I have a tendency to moan. I wish I were more like my mom who can find the beauty in virtually anything, but I am not. I am grateful for the reality checks I do get every now and then which make me appreciate my life more but usually this kind of life-is-beautiful-euphoria doesn’t last. At least not to the extent I would like it to last.
As I was watching another episode of ‘True Detective’ last night, one phrase of Woody Harrelson’s character stuck with me. Pardon my rephrasing I don’t quite recall the exact dialogue. Here it is: What if years pass and shit happens and you realize that you have already lived the good years? That the actual good years happened back then when your kids were still young and you had your whole life ahead of you. That these WERE the GOOD YEARS.

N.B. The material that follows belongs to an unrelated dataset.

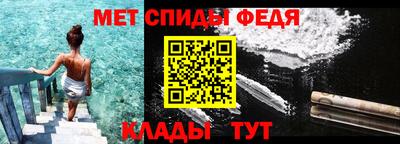 соль курить ск Сланцы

Let it sink in for a moment.
Am I living the life I was aiming for? YES. Am I happy? YES. Is it perfect? No.
Life is not perfect. It will never be. Maybe that is why the good moments are so precious because we can’t take them for granted. Would we appreciate life if it was only good? Wouldn’t it get boring? Tiring to some extent?
Life is unpredictable. Life is moody. Life is full of incredibly happy moments and excruciatingly painful ones. It’s up to you what you make of it. Are you happy? Awesome! Are you miserable? Do something to change it. Don’t settle. Don’t dwell on the past. Don’t sit around and wait for life to become better. Pick up your broken pieces and start over.